The National’s production, like the fate of Heath’s house, no less than the £20m repair programme currently lavished on Salisbury Cathedral (and not due for completion until 2018), is a sharp reminder of how buildings need special attention to survive. In the case especially of the cathedral, this is because it took so much human time, effort and sheer vision to construct – and a massive cost (in medieval 14th century terms) of £28,000, with a mammoth legion of stonemasons paid a penny a day.

William Golding was a schoolmaster in the Close between 1945 and 1962 and wrote his novel almost as a tortured psychodrama about his own creative life. But the detail about the crazy project to build the spire is fascinating, though my superb guide, spry pensioner Dudley Heather (one of 600 cathedral volunteers), remains sceptical about some of the accuracy in Golding’s research.

Mr Heather led me up the 332 steps of mostly spiral staircases, as far as you can go (there is still 180 feet of inaccessible spire to the very top), treating me to several interconnecting informal lectures on the building materials, history of the bells, stained glass windows and the bending pillars and subsidence that feature so dramatically in Golding’s novel.

As indeed they do in Roger Spottiswoode’s dramatisation at the Playhouse, where designer Tom Rogers has faithfully reproduced the grey limestone colour of the interior and the wooden support structures of the tower. It was not the least of yesterday’s pleasures to sit with an audience (mostly elderly) renewing their relationship with a building that literally dominates their lives.

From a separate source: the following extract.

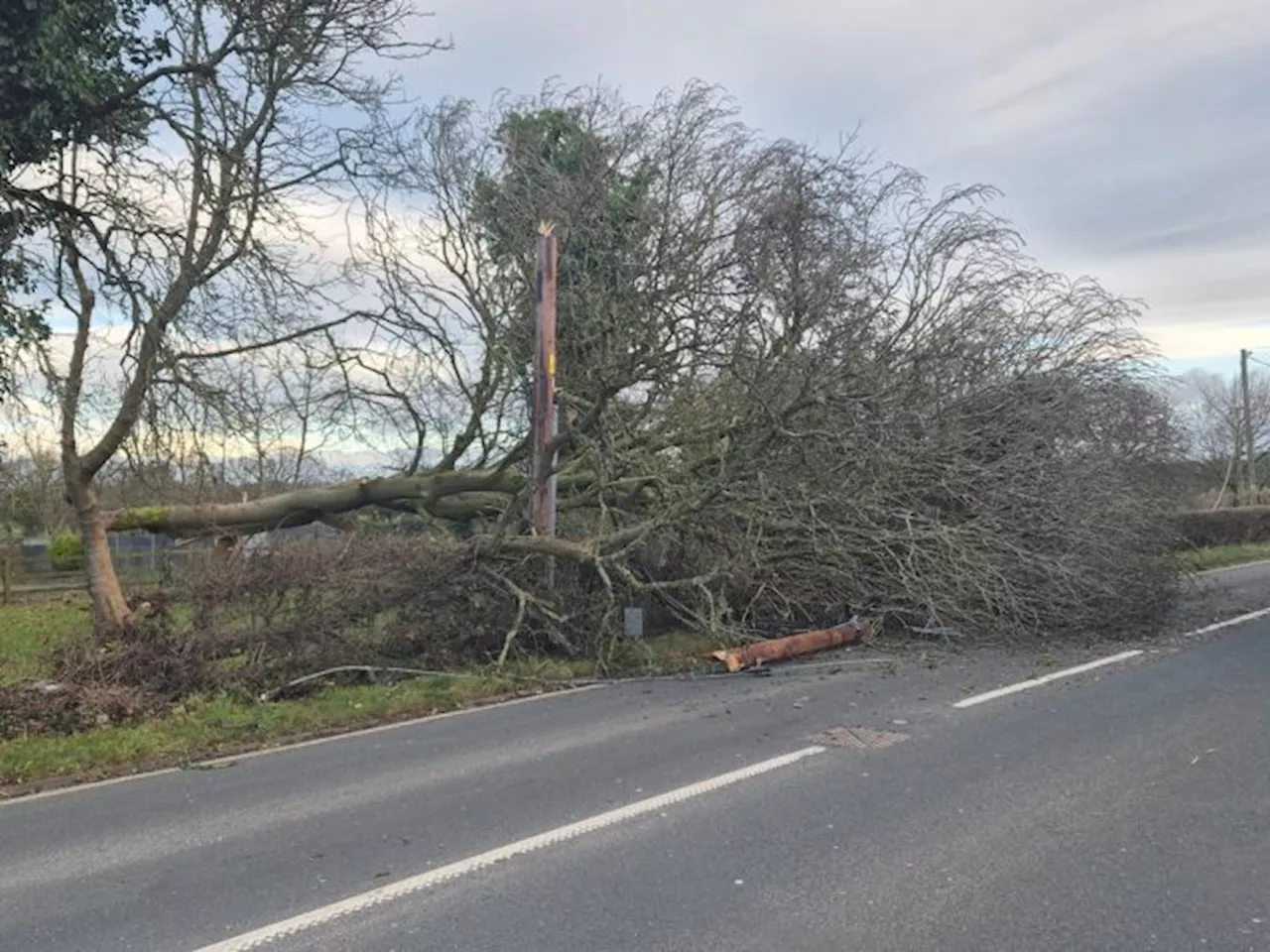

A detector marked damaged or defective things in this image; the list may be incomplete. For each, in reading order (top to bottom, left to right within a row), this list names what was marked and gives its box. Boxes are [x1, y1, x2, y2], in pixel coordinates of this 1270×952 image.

In Bennett’s People, the lovely lesbian archdeacon played by Selina Cadell is much taken with the idea of privatising Winchester Cathedral and dispensing a celebrity Eucharist for publicity purposes. My old friend and former Financial Times colleague Sarah Flanaghan, now Salibury Cathedral’s head of PR and communications, roared with laughter at the idea, but chiefly becaused it sounded so far-fetched.

Mind you, Bennett would appreciate Sarah’s secular approach to the job, which is sensibly hard-headed but much more to do with music, young people and community relations than with stunts and show business. And it helps that she’s a blonde bombshell, dressed in designer black like a sort of Annie Nightingale of the cloisters.

Gareth Machin’s production of The Spire is a bit too static and sombre to start with, but it gathers pace and power in an electrifying inquisition scene, in which Mark Meadows as Dean Jocelin is hauled over the coals by the church authorities for his weird and all-consuming obsession.

Nothing can compare to visiting the cathedral itself, but such a visit, taken in conjunction with Golding’s novel and the Playhouse staging – and, incidentally, there’s a youth theatre production of Nigel Williams’ fine adaptation of Golding’s Lord of the Flies in the studio space later this month – creates a wonderful crash course on one of the greatest buildings in our country, one that moves you to tears, really, in its awe-inspiring beauty, scale and spiritual grandeur. And you can’t ask more, even from the theatre, than that.